The Vagaries and Vicissitudes of Public Sentiment:
       The United States has a population of 340 million residents. There are times when it seems as though each of those individuals also has their own independent opinion on a given topic, but in reality, most people fold neatly into larger groups of like-minded individuals. This is termed factionalism, and its effects and consequences directly underpin both prevailing and counter public sentiment. There were few possibilities imaginable in the murky future when the Founding Fathers assembled to debate and then draft the fledgling nation’s new Constitution in 1787 that scared them more than unchecked factionalism developing and pitting citizens and ideologies needlessly and firmly against one another. Their other great fear – an ignorant and gullible electorate (but that is a whole different blog).

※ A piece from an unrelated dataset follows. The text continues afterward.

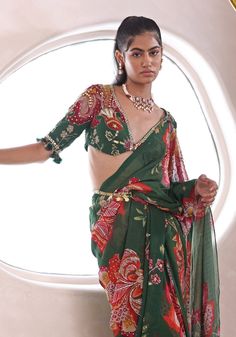 Step into effortless grace with this Green Floral Printed Pre-Draped Saree Set—your go-to for a standout Mehendi look. This ready to wear saree combines chic convenience with traditional charm, adorned with intricate embroidery. Perfectly paired with an embroidered blouse and stylish belt, it's an epitome of elegance for the modern woman. Composition : Saree, Blouse and Belt - Georgette Care: Dry Clean Only and Vacuum Storage This product can be customized for sleeves, length of blouse and neckline Delivery : 4-6 weeks as the product is hand crafted. Check Size Guide or choose MySize for free customisation (All Sizes above XL can be made at 15% additional cost) For more information and sizes please contact fabiliciousfashion@gmail.com or visit our Copenhagen studio. About the Designer : Ma Pre-draped Georgette Saree With Gota Work, Georgette Pre-draped Saree With Gota Work, Cotton Silk Pre-draped Anarkali Saree, Traditional Drape Georgette Blouse For Eid, Georgette Blouse With Traditional Drape For Eid, Designer Cotton Silk Pre-draped Saree For Navratri, Cotton Silk Anarkali Pre-draped Saree, Georgette Blouse With Gota Work, Transitional Saree With Gota Work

          If the United States Constitution is the nation’s owner’s manual, then certainly the Federalist Papers are the accompanying primer. Prior to the ratification process the Founders thought it a good idea to explain their new system of government to the citizens who would vote to ratify it and then have to live under its evolving body of laws. To accomplish this, Alexander Hamilton, John Jay, and James Madison assumed the nom de plume of “Publius” and wrote a series of eighty-five (85) essays seeking to educate and enlighten the new nation’s citizenry as to the logic underpinning the proposed Constitution. There is wisdom to be found in all of these essays, but perhaps the intellectual and emotional heart of this endeavor is Essays Nos. 9 & 10.

          Essay No. 9 lays out the arguments supporting the idea of a republic as opposed to other forms of government and acknowledged the failed republics of antiquity (specifically Athens and the early Roman Republic). Hamilton cites the separation of powers, checks and balances, and representative democracy as the strengths inherent in this new proposed model that would allow success where those others had failed. The salient point of the essay was to argue for the belief that large republics could achieve stability, endure, and do not have to inevitably devolve into the tyranny of factionalism, conflict, and oppression.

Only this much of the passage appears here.